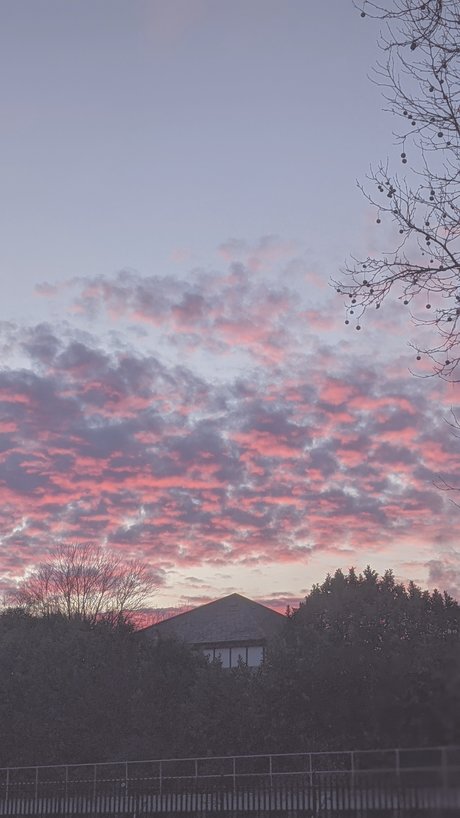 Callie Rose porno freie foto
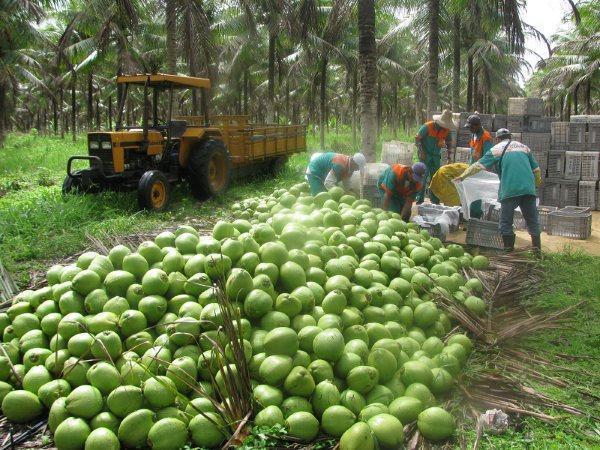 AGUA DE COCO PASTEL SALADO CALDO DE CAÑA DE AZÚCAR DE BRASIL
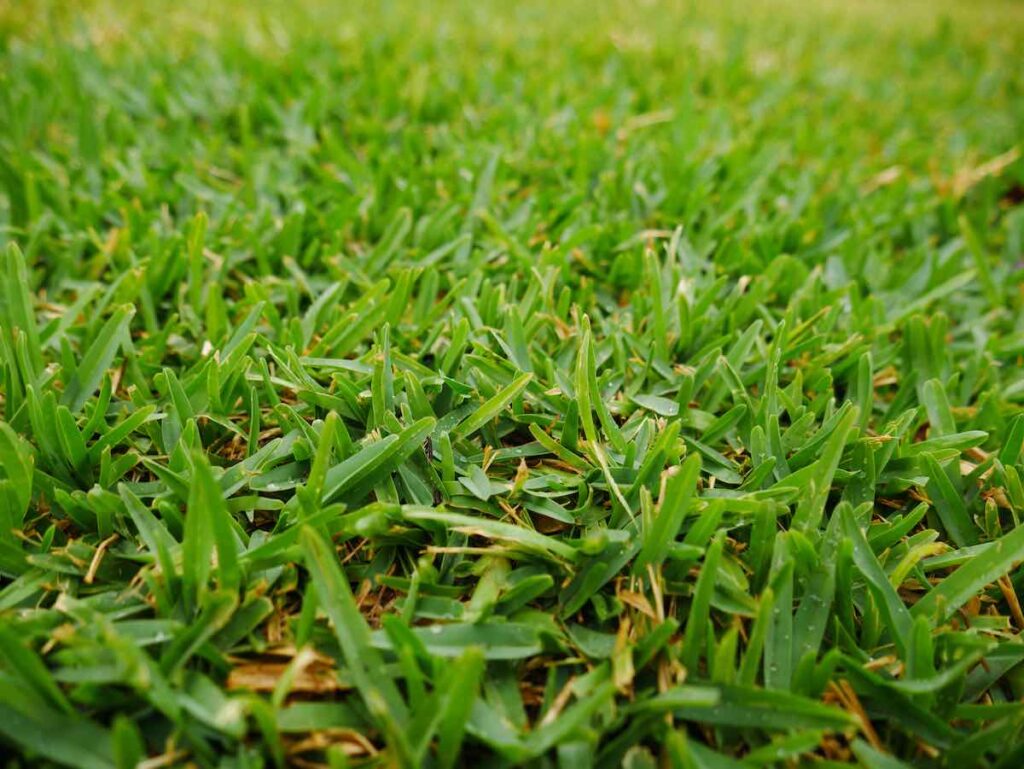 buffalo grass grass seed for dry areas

==

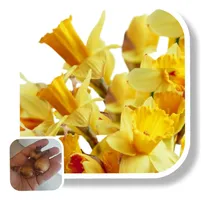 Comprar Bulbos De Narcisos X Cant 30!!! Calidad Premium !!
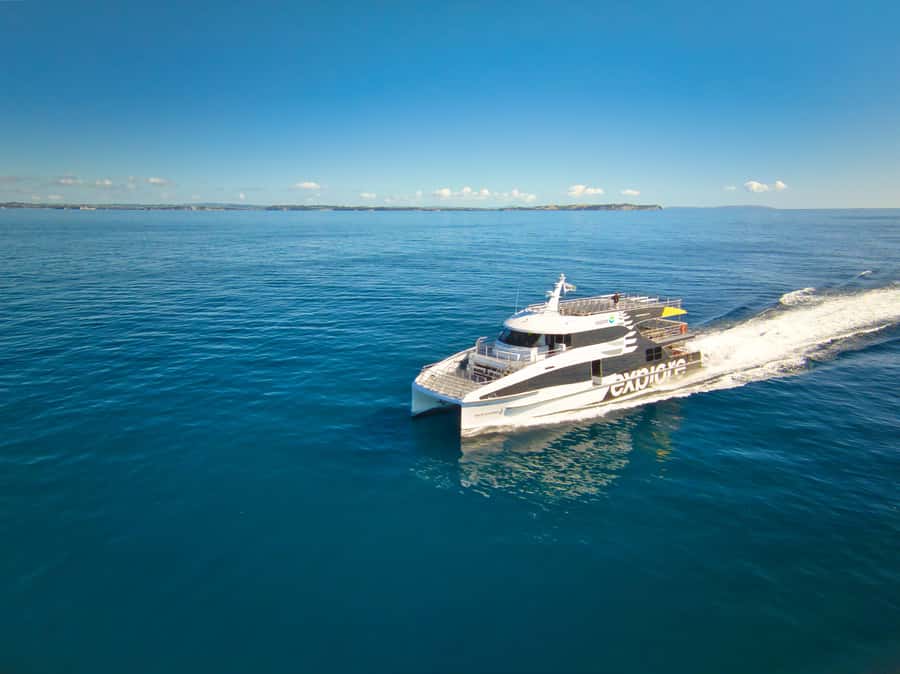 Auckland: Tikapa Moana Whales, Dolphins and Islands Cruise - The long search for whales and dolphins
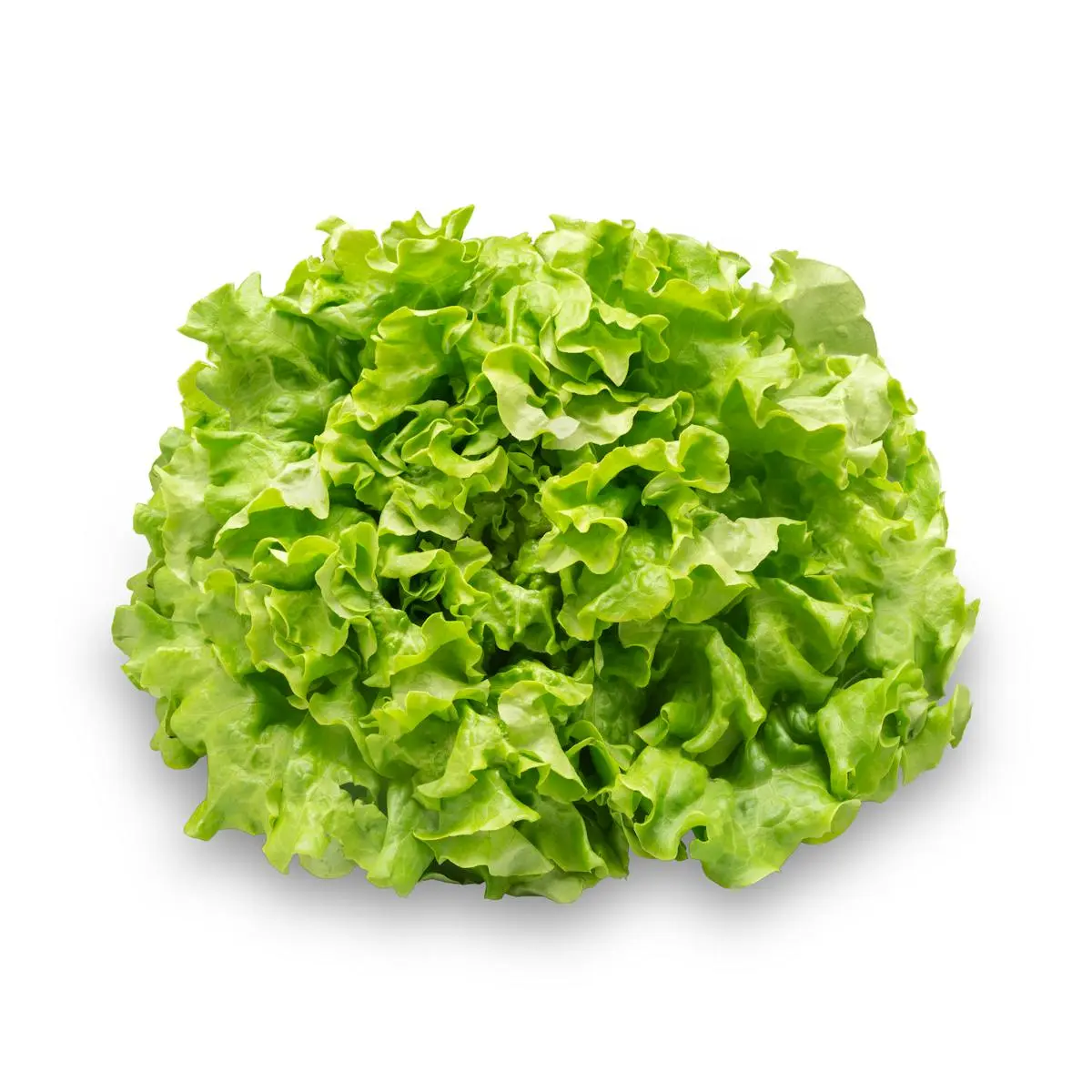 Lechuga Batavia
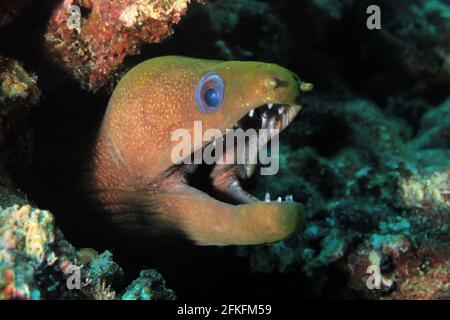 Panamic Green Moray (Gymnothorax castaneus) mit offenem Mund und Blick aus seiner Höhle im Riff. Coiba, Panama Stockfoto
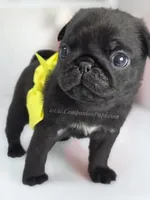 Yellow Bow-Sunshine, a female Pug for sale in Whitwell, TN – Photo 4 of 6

---

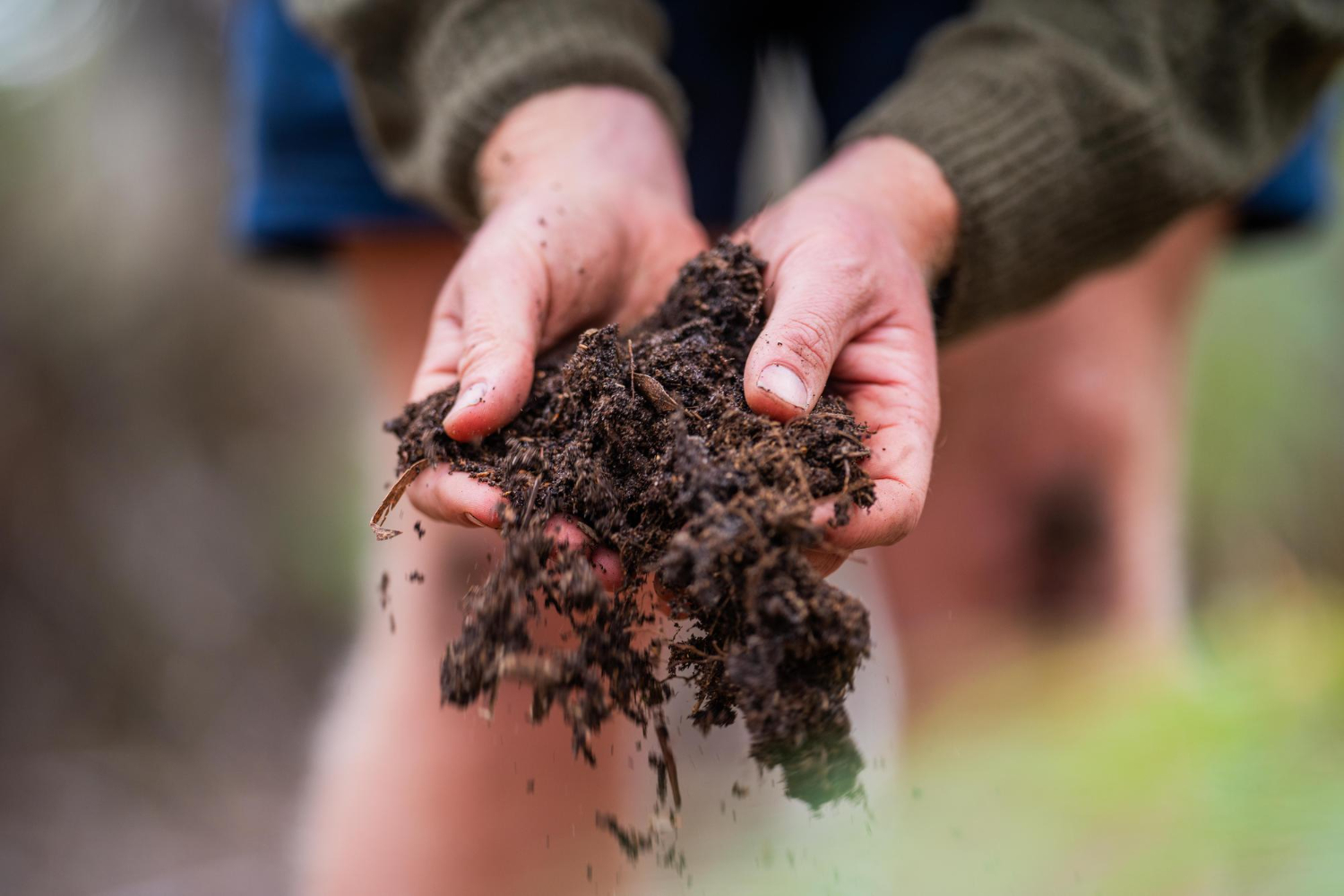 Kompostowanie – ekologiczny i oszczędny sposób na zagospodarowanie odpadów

* WORK REQUIRED *
A word-for-word reproduction is needed of the lines above from the line containing "Panamic Green Moray" through the line containing "Yellow Bow-Sunshine, a", with both ends kept and no pictures.

* TASK ANSWER *
 Panamic Green Moray (Gymnothorax castaneus) mit offenem Mund und Blick aus seiner Höhle im Riff. Coiba, Panama Stockfoto
 Yellow Bow-Sunshine, a female Pug for sale in Whitwell, TN – Photo 4 of 6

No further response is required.